He’s what you call a metal detectorist. To some, “detectorist” might seem like a handy Scrabble word. But to Patterson, it’s something else.

“Man, it’s really neat to just to find something in the ground, stuff you walk over all the time and don’t even know it’s there,” Patterson said as he walked the grounds at Lost Dutchman’s Mining Association Vein Mountain Camp.

Patterson, who is from Pickens, South Carolina, admits it’s a hit or miss hobby. Despite all the digging, not every hit is a treasure.

“Looks like the rim of a can,” he said after his detector guided him to a spot in the ground.

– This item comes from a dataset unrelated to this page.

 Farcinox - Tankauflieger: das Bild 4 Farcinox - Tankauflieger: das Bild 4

Patterson said what keeps him motivated are the discoveries he finds fascinating.

“There is some history in everything you find,” he explained.

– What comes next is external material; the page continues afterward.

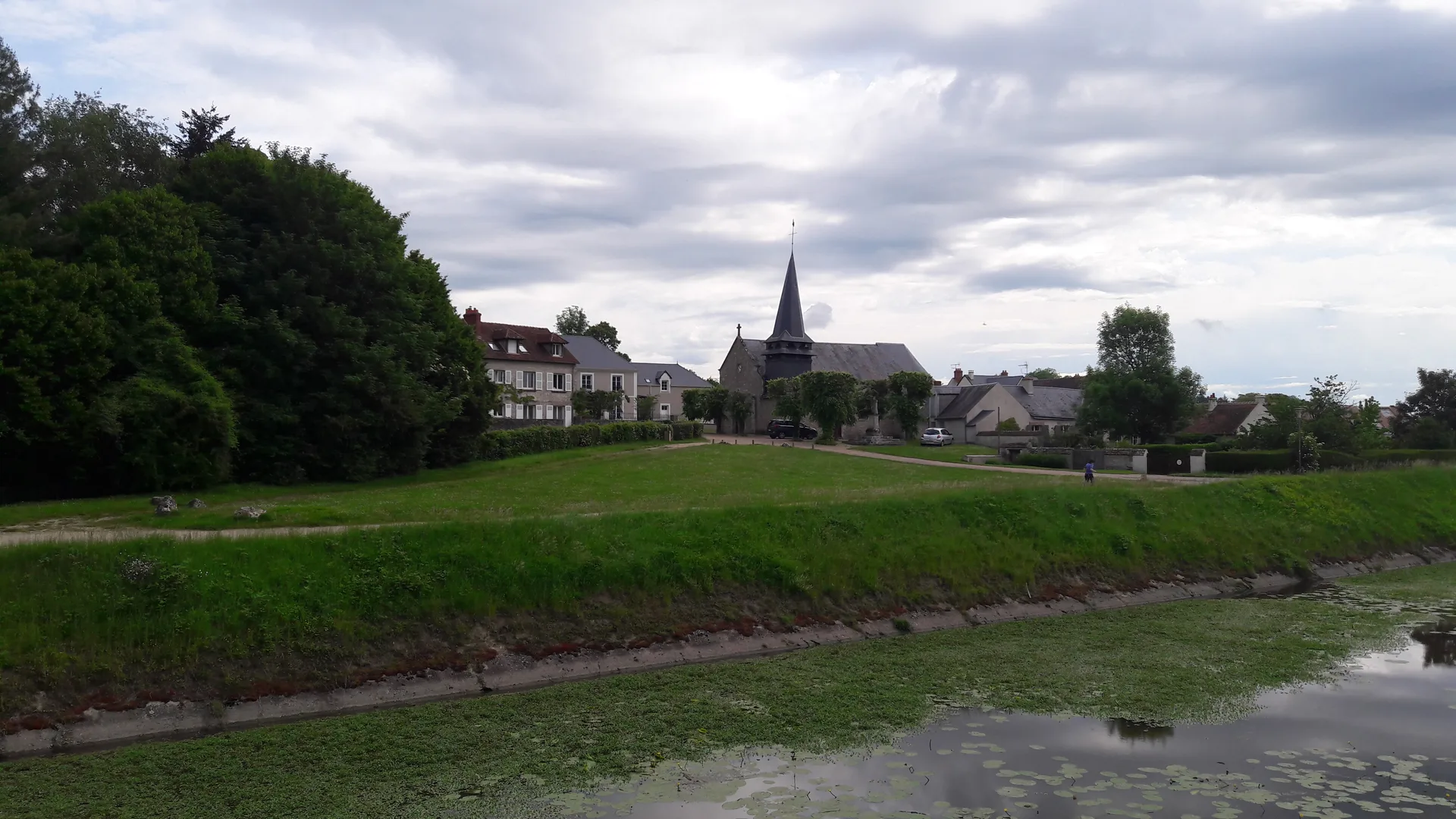 Etang Communal de St Denis à Saint-Denis-en-Val — À 798 m du lac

Later this month, Patterson will convey his enthusiasm and knowledge to folks ranging from professionals to kids. The LDMA Vein Mountain Camp will host Digger’s Detector Hunt Party from April 22-25. Industry leaders will be on hand to provide training and demonstrations.

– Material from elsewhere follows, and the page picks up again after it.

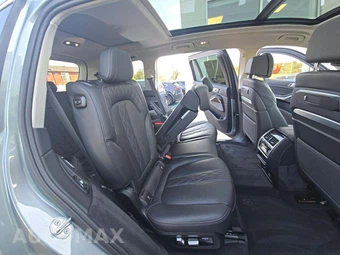 2025 BMW X7 xDrive40i - miniatura 17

Organizers said the detectorists on hand will also be able to hunt for coins, tokens for prizes, silver, and even gold. Participants must register ($100 for adults, $50 for children) no later than April 15.

Patterson’s fascinating finds range from a lock he said dates to the late 1800s, to an old bottle cap with an image of NFL legend Walter Payton, to a silver ruby ring made for an infant, to a World War II Victory Medal. He shares his excitement for digging up dirt on a YouTube page, Southern Relics.

“I love to educate. So, with what knowledge and experience that I have in metal detecting, I like to show that new guy, that new beginner,” Patterson said.

Patterson finds fun in unearthing an object, Googling it, and learning more about its past.

“A lot of times, just looking it up and seeing the history of something, that’s really what makes a find a treasure,” he said.

The disappointments along the way only make the thrill of the hunt that much more exciting.

“It’s either something really good that’s just wanting to hide or it’s a big ol’ piece of tin,” he said, summing up the pastime in a nutshell.